Plus spécifiquement, face aux nombreuses dérives constatées (dans la pratique du dropshipping ou « livraison directe » qui consiste à ce qu’un influenceur prenne uniquement en charge la commercialisation du produit et pas sa livraison, qui est, elle, réalisée par le fournisseur, l'article 6 est venu disposer que les influenceurs ont l'obligation de communiquer à l'acheteur les informations de l'article L. 221-5 du Code de la consommation ainsi que l'identité du fournisseur, et doivent s'assurer de la disponibilité des produits et de leur licéité. Les influenceurs sont rendus responsables de plein droit vis-à-vis des acheteurs en la matière.
=> S'agissant enfin des contrôles et sanctions, les influenceurs encourent une peine de prison et de fortes amendes (jusqu'à 300 000 euros) ainsi qu'une interdiction définitive ou provisoire d'exercer l'activité d'influenceur.
Les pouvoirs de la Direction générale de la concurrence, de la consommation et de la répression des fraudes (DGCCRF) en matière d'astreintes et de mises en demeure prononcées à l'encontre des influenceurs sont renforcés et permettent d’obliger l’influenceur à retirer son contenu illicite ou à se mettre en conformité sous peine d’une astreinte journalière pouvant atteindre 1% de son chiffre d’affaires.

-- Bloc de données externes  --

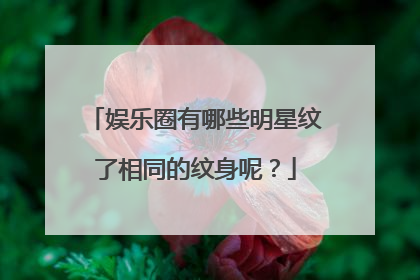娱乐圈有哪些明星纹了相同的纹身呢？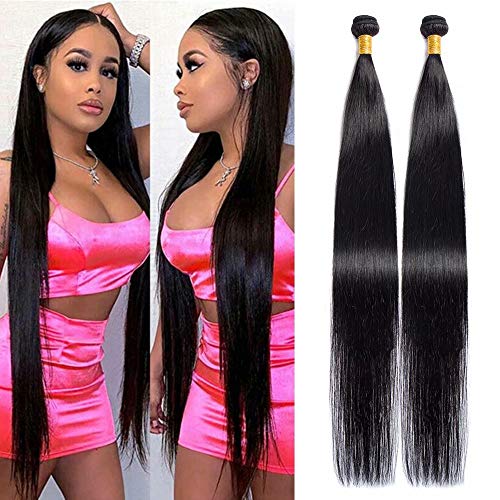 Maxine Hair 10a Grade Brazilian Virgin Straight Hair 2Bundles 38 38 Inches Long Straight Human Hair Extensions 1b Black Color Can be Dyed And Styled Hair Weaving for Women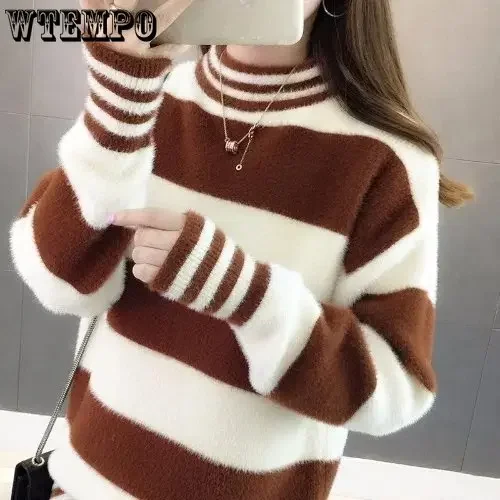 WTEMPO Striped Sweater Mock Neck Thickened Thermal Pollover Autumn and Winter Korean Loose Bottoming Shirt Girls' Jumper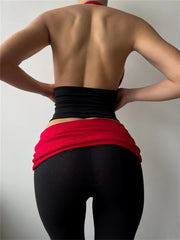 Casual Halter Skinny Crop Tops Long Pants Tracksuit Two Piece Set
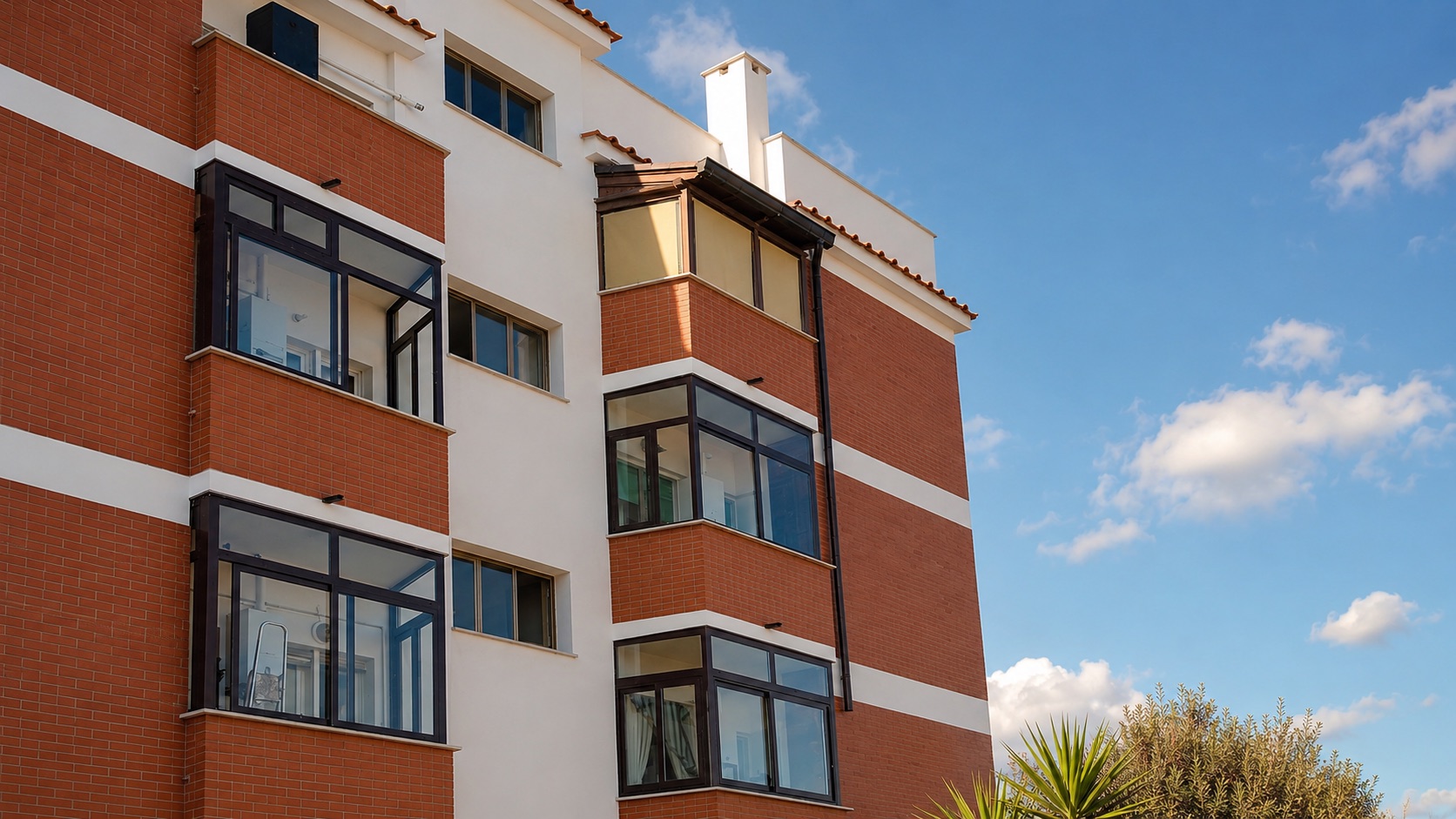 Palazzo residenziale con infissi in alluminio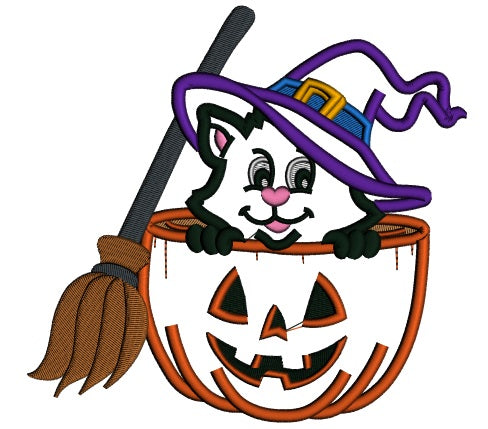 Cute Witch Cat With a Broom Sitting Inside a Pumpkin Halloween Applique Machine Embroidery Design Digitized Pattern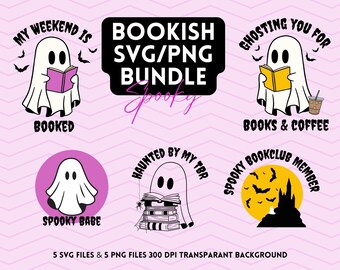 Spooky Bookish SVG & PNG Bundle - Perfect for Crafts
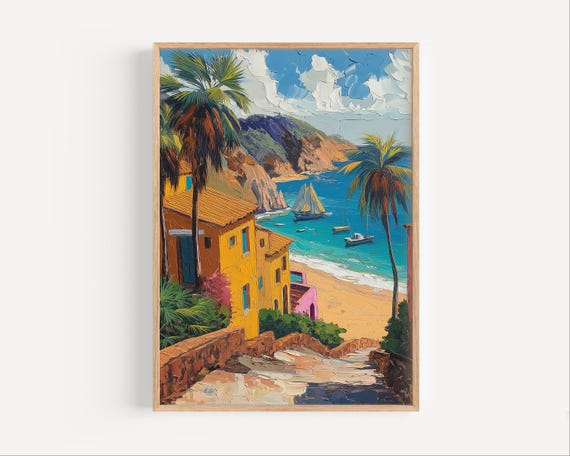 Cabo San Lucas Oil Painting Mexico Los Cabos Wall Art Poster Print Or Canvas Latin Sea Mexican Travel Home Decor Gift Baja Paint Style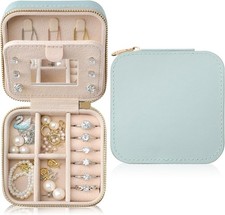 Genuine Leather Travel Jewelry Organizer Case with Nappa Leather Baby Blue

Ce nouveau pouvoir vient compléter l’arsenal des autorités compétentes qui peuvent déjà ordonner aux prestataires du numérique, le retrait d’un contenu illicite en cas de non-respect d’une mesure d’injonction. D’autres sanctions peuvent être prononcées par l’autorité des marchés financiers (AMF) et l’autorité nationale des jeux (ANJ) selon leurs pouvoirs propres.
Les parlementaires ont enfin demandé (art. 17) au gouvernement un rapport d'évaluation de la loi dans les deux ans de sa publication ainsi que sur l'évolution des moyens de la DGCCRF en la matière. - Juin 2023 - Rapport 2022 du médiateur de l'Autorité des marchés financiers (AMF)
- Le médiateur de l’Autorité des marchés financiers (AMF)*, Madame Marielle Cohen-Branche, médiateur public référencé par la Commission d’évaluation et de contrôle de la médiation de la consommation (CECMC) a publié son rapport annuel 2022.
Dans ce rapport de 68 pages, le médiateur dresse le bilan d’une année de forte activité. Le nombre de demandes de médiation reçues reste au niveau élevé de 2021. Le nombre d’avis rendus a quant à lui atteint un record : +30% par rapport à 2021 et un doublement par rapport à 2020. Le PEA, l’épargne salariale, les ordres de bourse et les crypto-actifs demeurent des thématiques de médiation très représentées dans les dossiers traités. Le rapport est également l’occasion pour le médiateur de formuler des recommandations à l’égard des professionnels.